In Too Big To Save Robert Pozen gives a clever example, based on an excellent paper by Coval, Jurek and Stafford, which explains both the lure of structured finance and why the model exploded so quickly.

Suppose we have 100 mortgages that pay $1 or $0. The probability of default is 0.05. We pool the mortgages and then prioritize them into tranches such that tranche 1 pays out $1 if no mortgage defaults and $0 otherwise, tranche 2 pays out $1 if 1 or fewer mortgages defaults, $0 otherwise. Tranche 10 then pays out $1 if 9 or fewer mortgages default and $0 otherwise. Tranche 10 has a probability of defaulting of 2.82 percent. A fortiori tranches 11 and higher all have lower probabilities of defaulting. Thus, we have transformed 100 securities each with a default of 5% into 9 with probabilities of default greater than 5% and 91 with probabilities of default less than 5%.

The quoted claim is false. I explain why after the jump.

In his post, Tabarrok assumes that the correlation between payments on any two mortgages must be zero. The calculation is correct only if the correlation is zero. This crucial assumption was not stated. The claim is false as written.

One way in which structured finance almost destroyed the world economy was very close to this but not so very very extreme. CDO designers and raters assumed that they could estimate correlations between default on different bonds assuming that default occurred if a latent variable were below zero and that the latent variables were jointly normal. There was no justification for the assumption of joint normality. Then they assumed that the CDS market was efficient (schizzo-finance) so they could estimate the correlations of the latent variables.

This is less extreme than just assuming that correlations are zero without even stating the assumption.
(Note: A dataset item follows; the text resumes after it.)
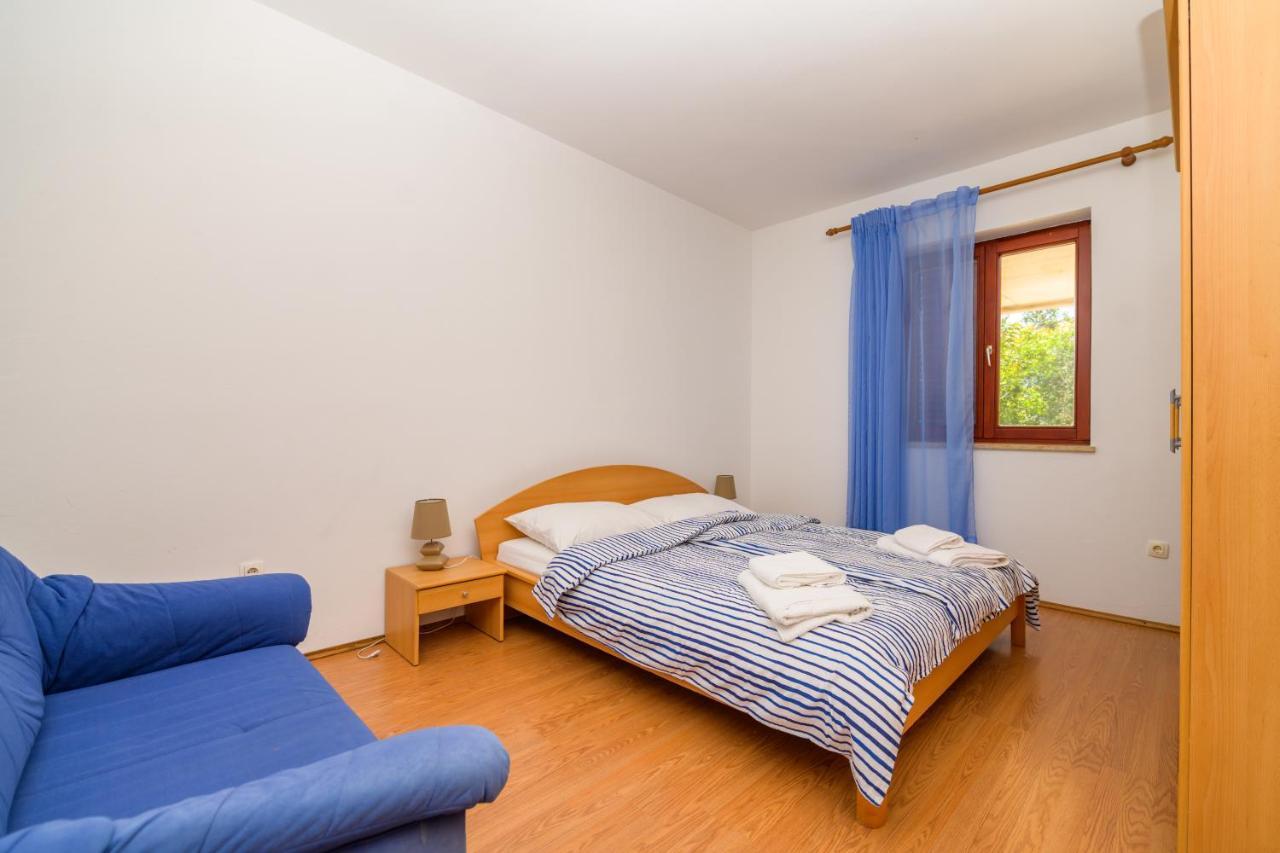 Apartments Marina Veskovic Nerezine Dış mekan fotoğraf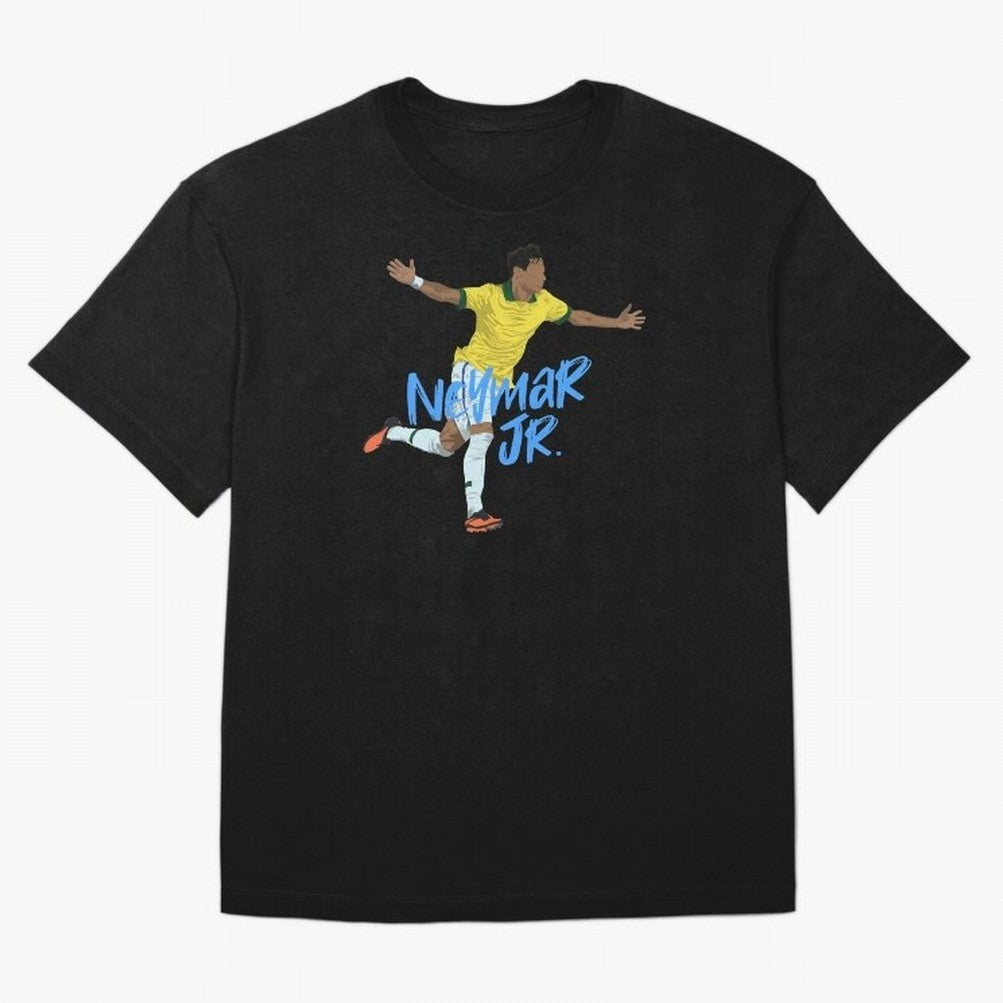 Neymar Jr. Classic T-Shirt Live the Energy of FIFA World Cup 2026 Spirit, with Portugal, Spain and Germany, CR7, Soccer Culture, Superstar Moments, National Team Dreams and Competitive Fire; Perfect for Fans, Collectors, Family Gatherings, Watch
However, it was extreme enough to cause a disaster.

Amazingly, after the disaster based on casual assumptions about correlation, Alex Tabarrok makes a much more extreme assumption and doesn’t even state it.

Note there are no ellipses in my quote of Tabarrok. That is the post in full from the first word to the false claim of 2.82%.

I am sincerely shocked and appalled.

update: There is another problem with the example. Given independence of defaults across mortgages, the probability of default of the 10th tranche is dramatically different if the probability of a default of each mortgage is 6% not 5%. However, the probability of default of the 12 tranche is tiny in either case and the probability of default of the 8th tranche is large in either case.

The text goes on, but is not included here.